Format and Submissions
The workshop will take place as a half-day meeting on 5 June. Participants will be invited to trial an innovative format for paper presentations: presenters will be given 5 minutes to describe their research questions and hypothesis, and a group discussion will start after that. Then, presenters will be given 5 more minutes to describe their method and results, followed by a new group discussion about the interpretation and implications of such results. There will also be a group discussion to bring researchers together and collect ideas for new evaluation approaches and future work in the field.
We invite research papers (8 pages), position and short papers (4 pages), and demo papers (2 pages). References and appendices (if applicable) are excluded from this page count, but the length of the entire paper including references must not exceed 11 pages in the case of full papers, 5 in the case of short papers, and 3 in the case of demo papers. Submissions must be original and should not have been published previously or be under consideration for publication while being evaluated for this workshop. Submissions will be evaluated by the program committee based on the quality of the work and its fit to the workshop themes. All submissions must be double-blind and a high-resolution PDF of the paper should be uploaded to the EasyChair submission site (link below) before the paper submission deadline. The accepted papers will be published as Proceedings of the ICWSM Workshops. Please use AAAI two-column, camera-ready style.
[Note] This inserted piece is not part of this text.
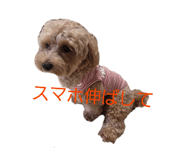 882254792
While we would encourage you to attend in person, we are also planning to live stream the workshop on Zoom and record talks to allow as many people as possible to participate.
Submission Information
- Submission link: https://easychair.org/conferences/?conf=neatclass2023
- Paper submission deadline: 17 April 2023
- Paper acceptance notification: 30 April 2023
- Final camera-ready paper due: 6 May 2023
- Workshop Day: 5 June 2023
All deadlines are 11:59pm AOE (anywhere on earth).